Moving on to the "company carousel", which is trying to say "these other companies trust us so you should too". They're trying to ride on the reputations of Stanford, Cornell, Columbia, UPenn, Google, etc. as a sort of pseudo-endorsement, because they cannot post real endorsements from these institutions, because they do not exist (doesn't YC have legal counsel to tell them this is illegal?). How are engineers using Nia at Stanford? We don't know, Nia will not say, likely because no one at Stanford is using it in any real capacity that is impressive enough to put on the front page of the website. If they were, then why wouldn't Nia tell us about that rather than just flashing the Stanford logo? So the logo suffices, and I guess the more logos the better. Trust lowered.
Next the investor list: who is this for and what does it communicate? It appears to be a list of Chiefs, VPs, Co-Founders, and various funds who are deemed to be "world class", which is just another parade of logos but for a different audience, likely other investors who know these people. Maybe this speaks to some people in terms of the project having a solid financial backing but that's a smokescreen to distract you from the fact there's no actual business plan here aside from running on the VC treadmill and hoping to get acquired by one of your customers and/or investors. Trust lowered.
Then we get to the Twitter parade, which is a third instance of "just trust us bro". And it includes such gems as "Can confirm, coding agents go hard" and "go try Nia, go into debt if you have to". Testimonials are for products I can't try myself, this seems like something that can be demoed, so why isn't it? Why did they opt to devote all this space to show a bunch of random people saying random uninteresting things about their product, rather than use the space to say more interesting things about their product? Because the testimonials are a distraction from the actual product. Trust lowered.
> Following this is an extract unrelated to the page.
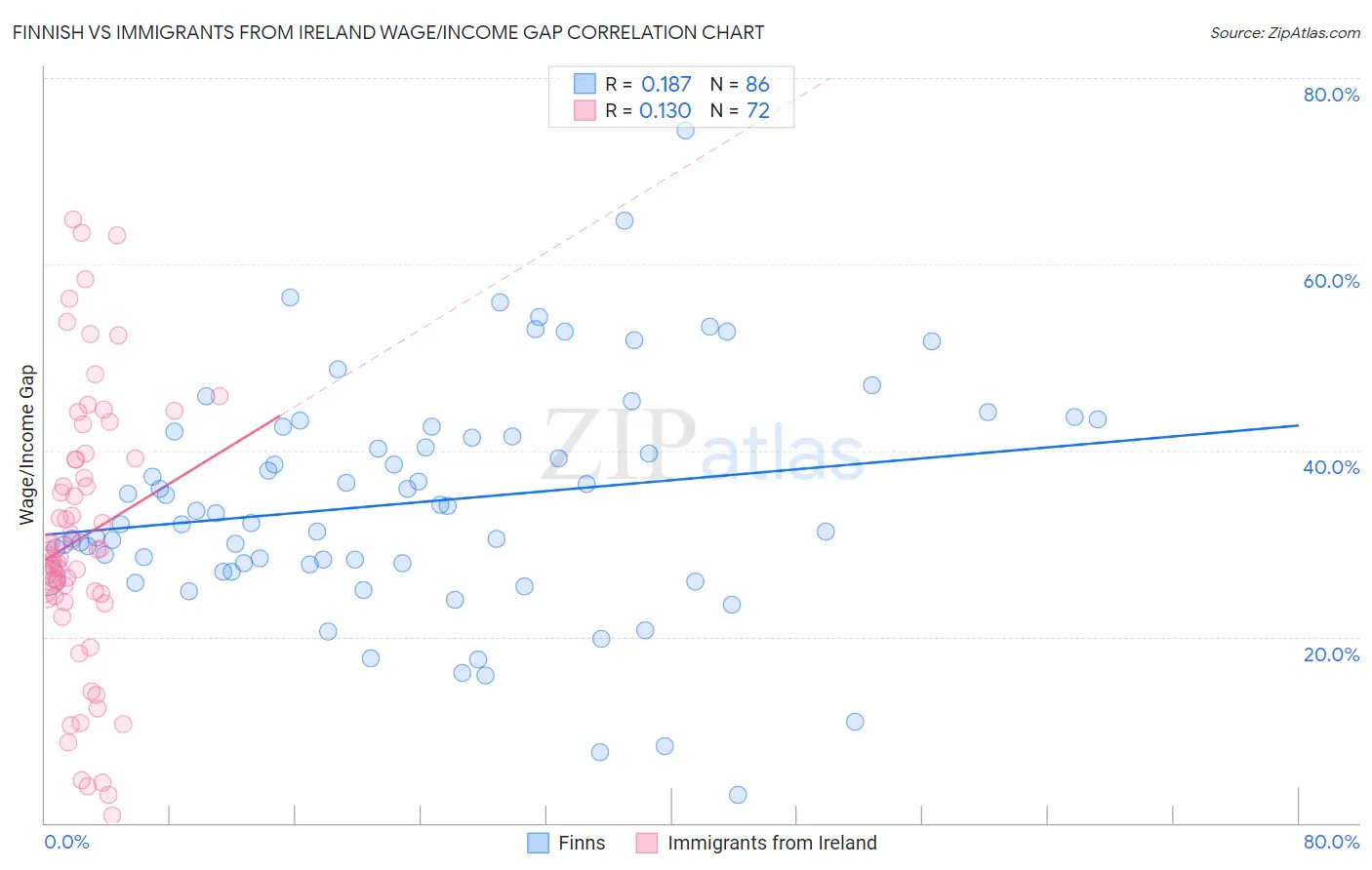 Finnish vs Immigrants from Ireland Wage/Income Gap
Again, I'm left asking: Why do I have to listen to and trust these other people if the technology is so good? Why am I halfway down the page reading this thing, and I've yet to hear any specifics about how this thing works or what it does for me. I was told other people are using it but not how, I was told other people invested in it but not how much, and I was told some companies are maybe using it but not in what capacity.
So in summary, this page is: "Look how shiny! You trust us. No really, you can trust us! Seriously, look at all these people, who say you can trust us, you seriously can! Now give us money."
So to answer your question:
> what would be the correct way to do it according to your checklist.
Don't do any of the things that were done, and instead lead with the product. Prove all claims made. If a claim can't be proven don't make it. Stand behind your technology rather than testimonials.